[Collected material — start]

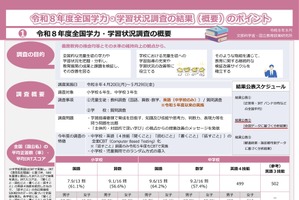 【全国学力テスト】説明会向けの資料公開…結果分析や授業アイデア報告書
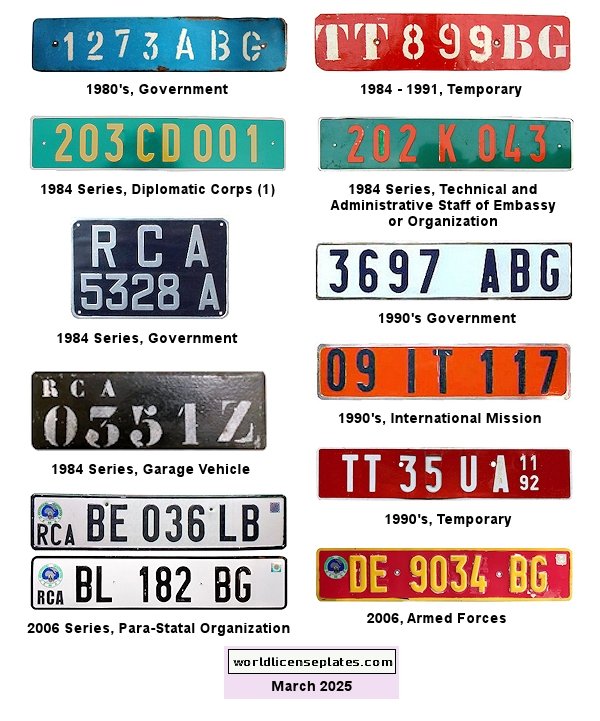 License Plates of Central African Republic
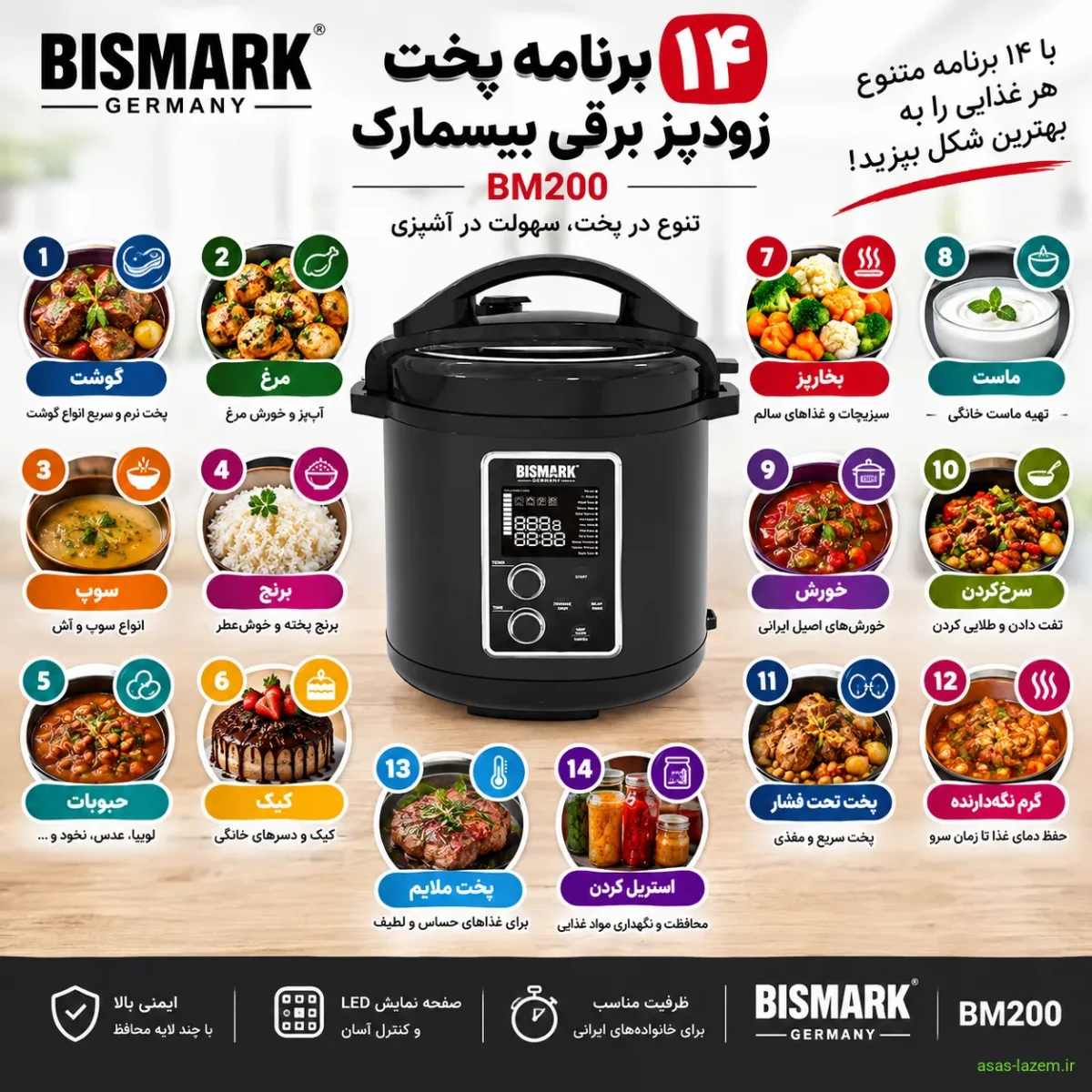 ۱۴ برنامه پخت زودپز برقی بیسمارک BM200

[Collected material — finish]

- **Problem requirements**:
The listing must be repeated word for word, and none of its pictures may appear in the copy.

- **Response to this task**:
 【全国学力テスト】説明会向けの資料公開…結果分析や授業アイデア報告書
 License Plates of Central African Republic
 ۱۴ برنامه پخت زودپز برقی بیسمارک BM200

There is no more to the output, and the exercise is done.